You may also be interested in:

Natural Language Processing for Corpus Linguistics
Getting Started with Natural Language Processing (MEAP)
Natural Language Processing Fundamentals for Developers
Discontinuous Constituency (Natural Language Processing, 6)
Natural Language Processing for Corpus Linguistics
Getting Started with Natural Language Processing (MEAP)
Natural Language Processing And Information Retrieval
Foundations of Statistical Natural Language Processing
Applied Natural Language Processing in the Enterprise
Natural Language Processing using R Pocket Primer
Mastering Large Language Models with Python Unleash the Power of Advanced Natural Language Processing for Enterprise Innovation and Efficiency Using Large Language Models (LLMs) with Python
Mastering Large Language Models with Python Unleash the Power of Advanced Natural Language Processing for Enterprise Innovation and Efficiency Using Large Language Models (LLMs) with Python
Formal Analysis for Natural Language Processing: A Handbook
Natural Language Processing A Textbook With Python Implementation
Neural Network Methods in Natural Language Processing
Bayesian Analysis in Natural Language Processing, Second Edition
Representalion and Processing of Natural Language (German Edition)

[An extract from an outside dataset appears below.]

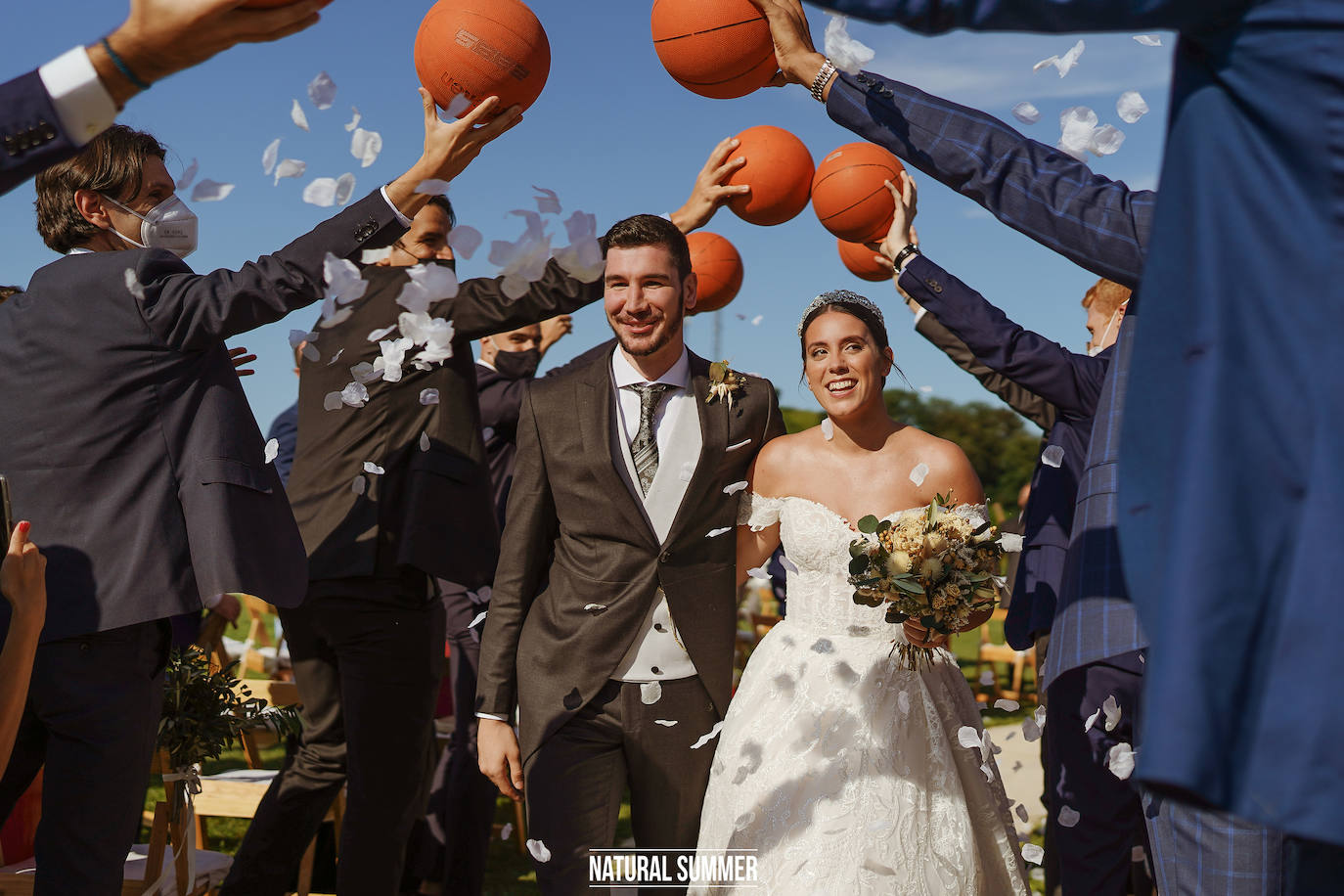 La diseñadora guipuzcoana Uxue Morejón y el escolta del Unicaja, Darío Brizuela, se dieron el «sí quiero» en una boda celebrada en Hika Txakolindegia. Estas son las mejores imágenes del mediático enlace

Practical Natural Language Processing (Early Release)
Natural Language Processing with Transformers (Early Release)
Natural Language Processing A Textbook With Python Implementation
Natural Language Processing and Information Retrieval Principles and Applications
Machine Intelligence: Computer Vision and Natural Language Processing
Natural Language Processing in Action, Second Edition MEAP V09
The Transformer Architecture A Practical Guide to Natural Language Processing
Natural Language Processing and Information Retrieval Principles and Applications
Machine Intelligence Computer Vision and Natural Language Processing
Advanced Applications of Generative AI and Natural Language Processing Models
Introduction to Natural Language Processing Concepts and Fundamentals for Beginners
Advanced Applications of Generative AI and Natural Language Processing Models
Natural Language Processing with Python and spaCy A Practical Introduction
Natural Language Processing with Spark NLP (Early Release)
The Transformer Architecture A Practical Guide to Natural Language Processing
Deep Learning for Multimedia Processing
Natural Language Processing in Action, 2nd Edition (Final Release)
Deep Learning for Image Processing Applications
Computational Intelligence Methods for Sentiment Analysis in Natural Language Processing Applications
Neural Networks for Natural Language Processing (Advances in Computer and Electrical Engineering)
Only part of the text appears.